How to disable Save As Eml

The legal department of my company is blocking me from continuing with the deployment of Notes 8.5.2 because of the new feature that allows saving emails as .eml files. I’ve found the policy that disables the ability to drag&drop emails out of Notes, but that doesn’t remove the ability to open an email and select File > Save As from the menu.

I am at my wit’s end and I’m desperate for a solution. I really do not want to skip deploying 8.5.2 because it is big improvement in the Notes client (especially the managed replica feature). We’ve looked into blocking the saving of specific file types through our AV software, but that doesn’t appear to be possible.

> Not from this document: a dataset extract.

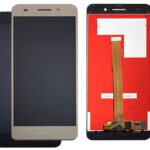 Display Huawei Y6 II/Y6-2 Comp. Negro (CAM-L03)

Does anyone have any ideas how I might be able to solve this problem?

Neil

Subject: I couldn’t agree more!

I think the feature that IBM included in 8.5.2 to save emails as .eml files is the dumbest thing they have done in a long time. They obviously didn’t consider things like document retention policies or safe storage policies in larger businesses. Why would you want to allow your users to store email anywhere outside of notes? Keeping it contained in the nsf was always great. Sure they can have a local replicate but you can force encryption on that. Sure they can copy and paste text and find other means to save it, but when you make it this easy and poorly planned the privilege will be abused by the users. I saw the same policy to prevent drag and drop, but not offering a way to limit it from the File, Save As, come on IBM!

I think the only reason they included it was so they could mark an item of off how to make Lotus Notes function more like outlook. I went to a lotus user conference back in August, and this stupid feature was the most talked about. IBM boasted how awesome it was that you can now save as eml. I just thought to myself, really, this is the biggest feature you’re going to discuss, a feature that most email programs have had for the past 10 years. I can’t seem to get a grip on the direction IBM is taking Lotus Notes. They also did a preview of project Vulan and it looked like a facebook knock off.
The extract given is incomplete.